▶ To do
For the entries below, repeat exactly each line starting with the one that contains "Чехол (Dior, Prada, YSL, Chanel)" and going on through the one that contains "Κ14 (Φωτορεπορτάζ) Πάφος FC - ΑΕΚ", and no others.

[Data shown — start]

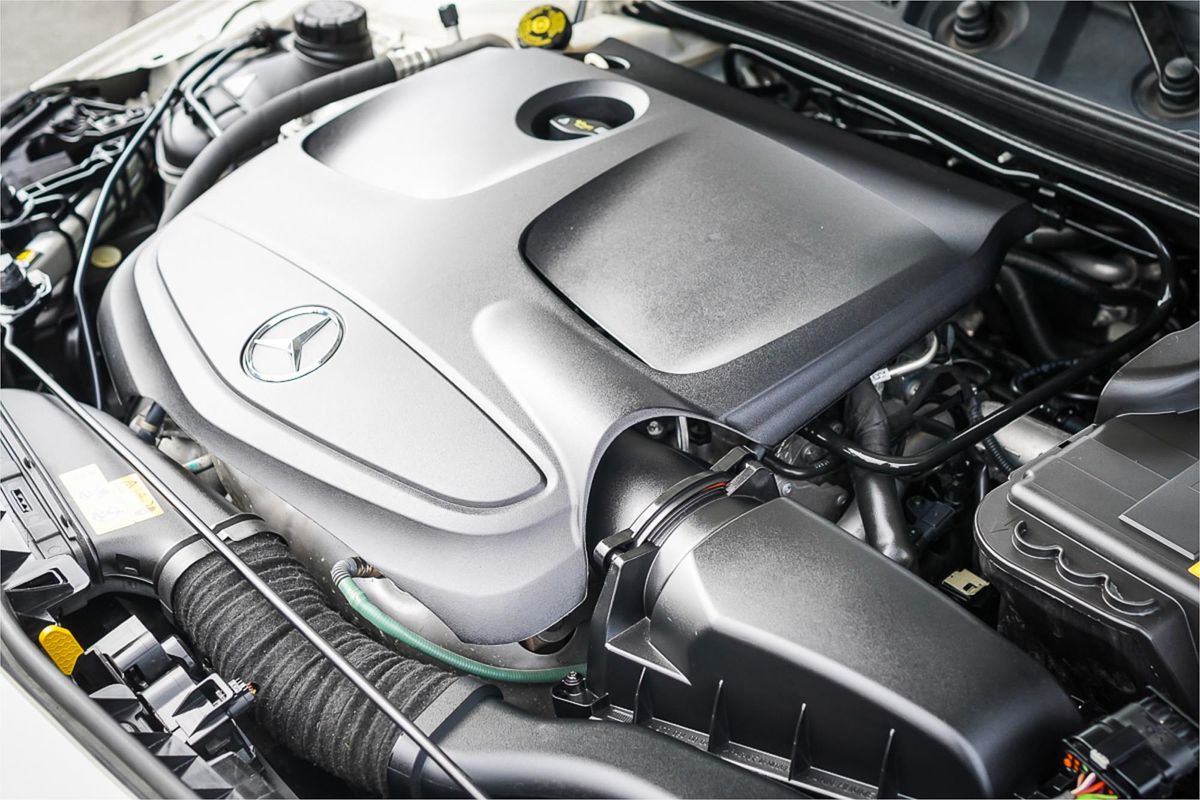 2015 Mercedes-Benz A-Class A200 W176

[Data shown — finish]
[Data shown — start]

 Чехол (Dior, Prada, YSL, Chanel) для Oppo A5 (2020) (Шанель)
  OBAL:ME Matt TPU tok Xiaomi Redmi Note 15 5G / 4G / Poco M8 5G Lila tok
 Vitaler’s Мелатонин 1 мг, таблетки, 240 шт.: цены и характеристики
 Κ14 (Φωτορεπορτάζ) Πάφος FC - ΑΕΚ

[Data shown — finish]
[Data shown — start]

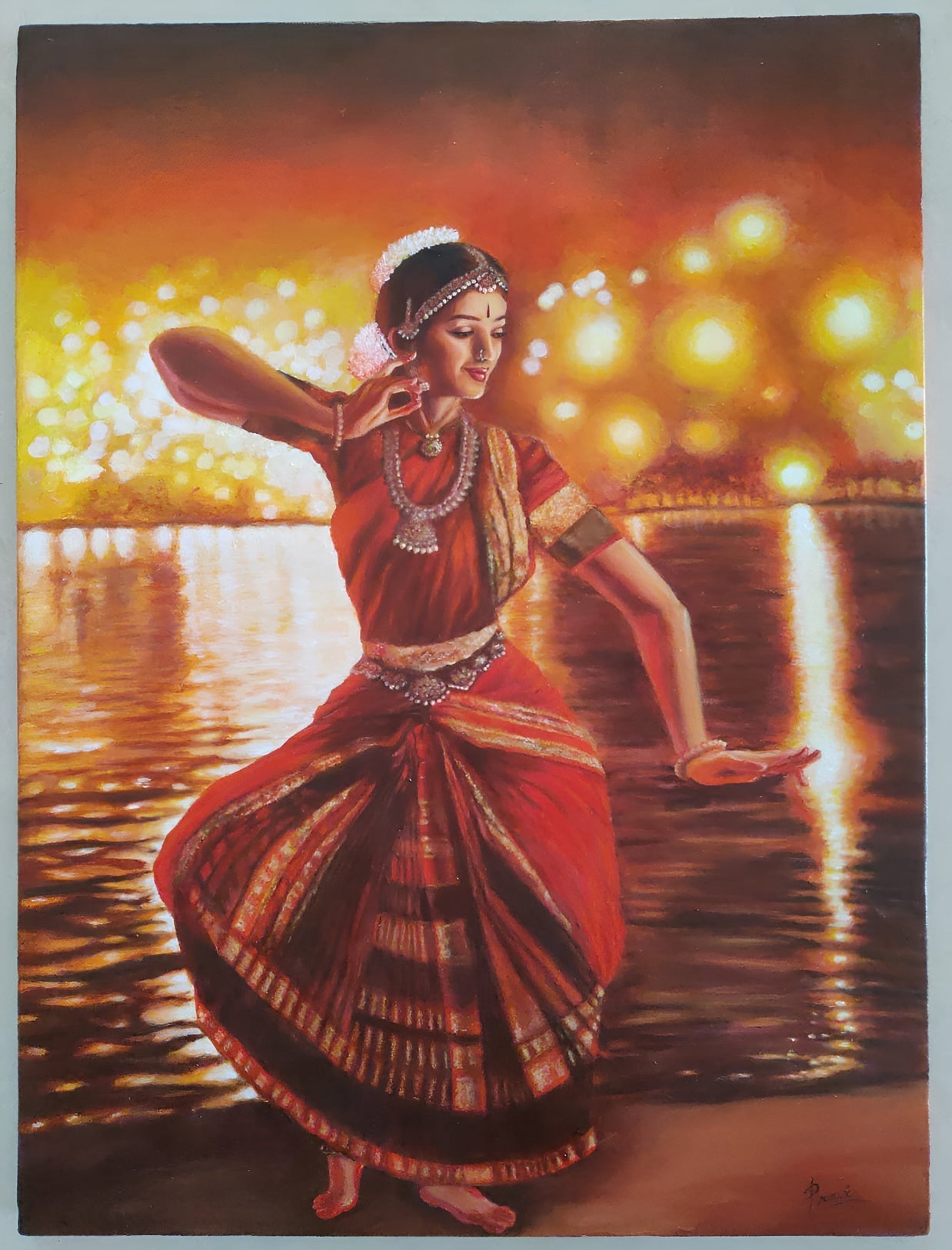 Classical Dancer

[Data shown — finish]

▶ Solution to this task
 Чехол (Dior, Prada, YSL, Chanel) для Oppo A5 (2020) (Шанель)
  OBAL:ME Matt TPU tok Xiaomi Redmi Note 15 5G / 4G / Poco M8 5G Lila tok
 Vitaler’s Мелатонин 1 мг, таблетки, 240 шт.: цены и характеристики
 Κ14 (Φωτορεπορτάζ) Πάφος FC - ΑΕΚ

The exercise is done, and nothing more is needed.